(Source data)
--- START ---

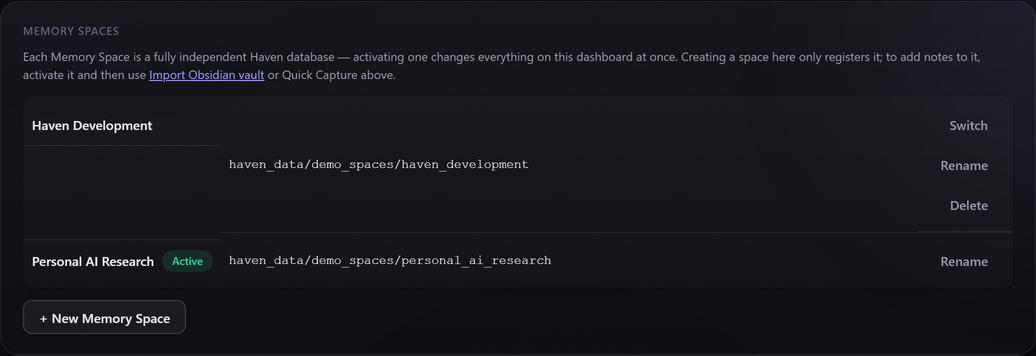 Screenshot of Settings › Memory Spaces on the hosted demo: Haven Development and Personal AI Research spaces, Personal AI Research active, with Switch, Rename, and New Memory Space actions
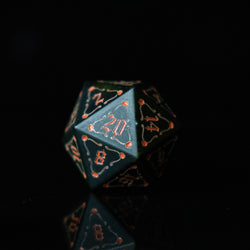 The Pumpkin Aluminum Metal Dice Set (ONLINE ORDER ONLY)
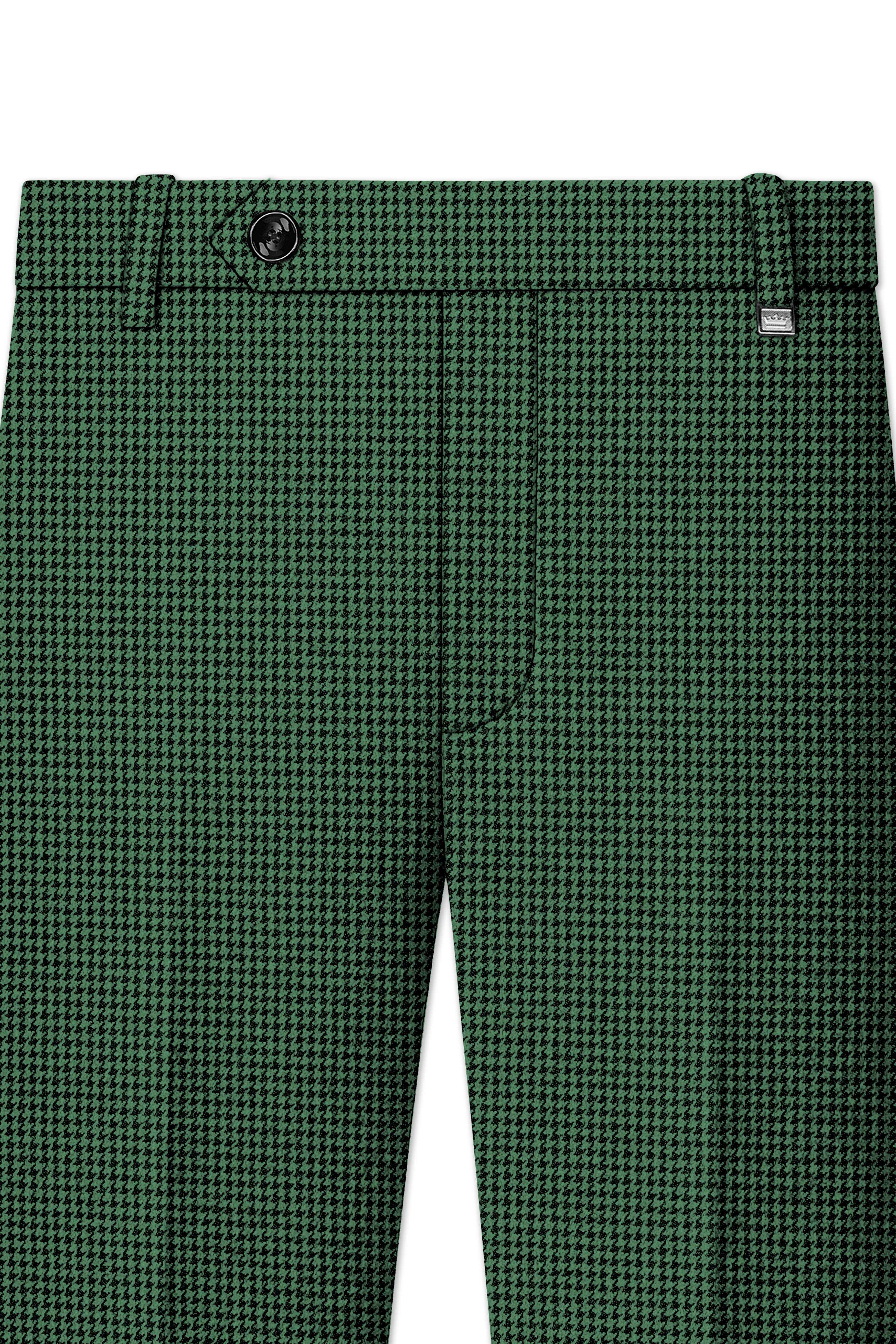 Regent-Plantation Green Classic Houndstooth Textured Tweed Stretchable Waistband Pant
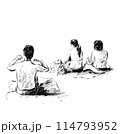 Sketch of the girls group sit alone the beach in summer season  114793952
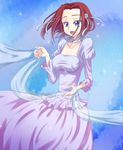  blue_eyes breasts code_geass dress female gradient gradient_background hair_ornament highres kallen_stadtfeld long_hair open_mouth red_hair solo tobeko_(tobetobe) tobetobe 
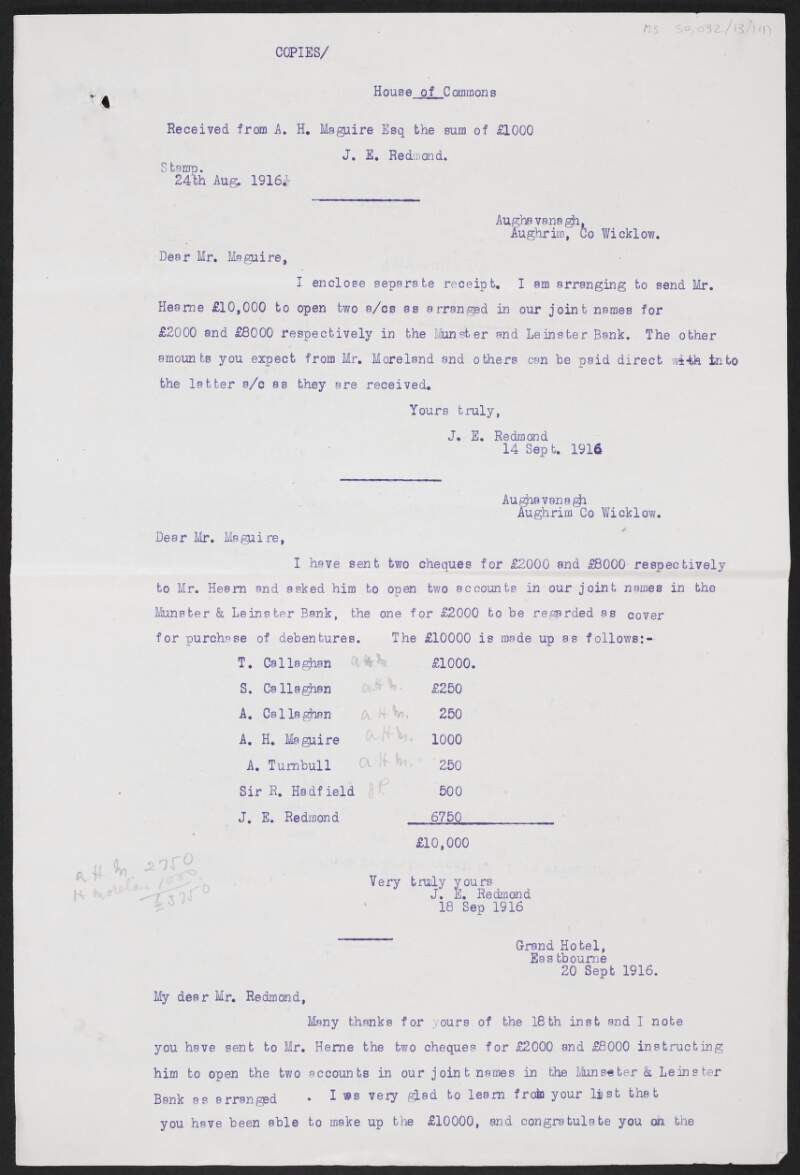 Copy correspondence between John Redmond and A. H. Maguire regarding the finances of the 'Freeman's Journal',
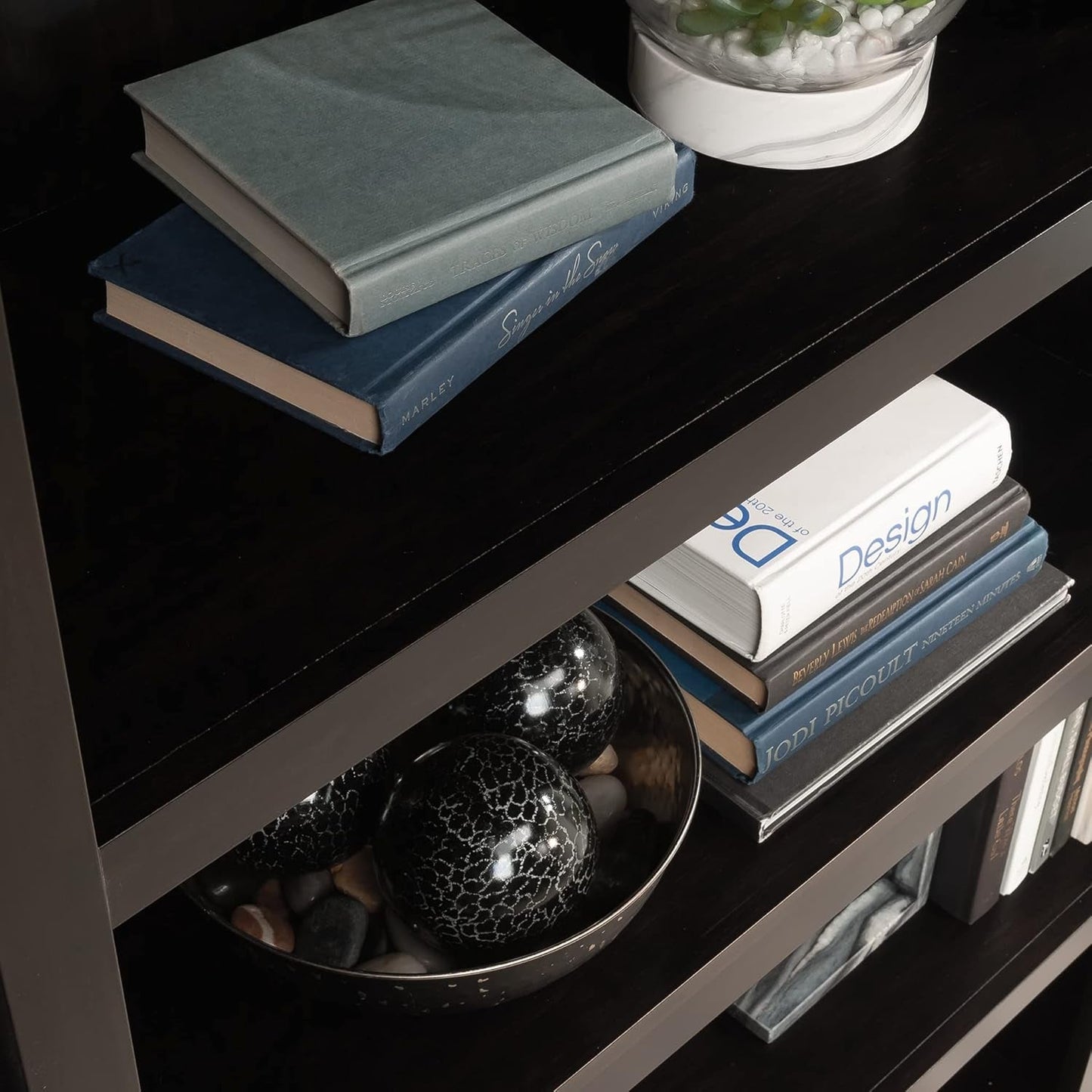 Estate Black 5 Shelf Bookcase 35.28 x 13.23 x 69.76 Inches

--- END ---

Task goal
The lines to be transcribed are those from the first line of the data above through the line holding "The Pumpkin Aluminum", inclusive; copy them exactly and only, leaving out the pictures.

Problem solution
 Screenshot of Settings › Memory Spaces on the hosted demo: Haven Development and Personal AI Research spaces, Personal AI Research active, with Switch, Rename, and New Memory Space actions
 The Pumpkin Aluminum Metal Dice Set (ONLINE ORDER ONLY)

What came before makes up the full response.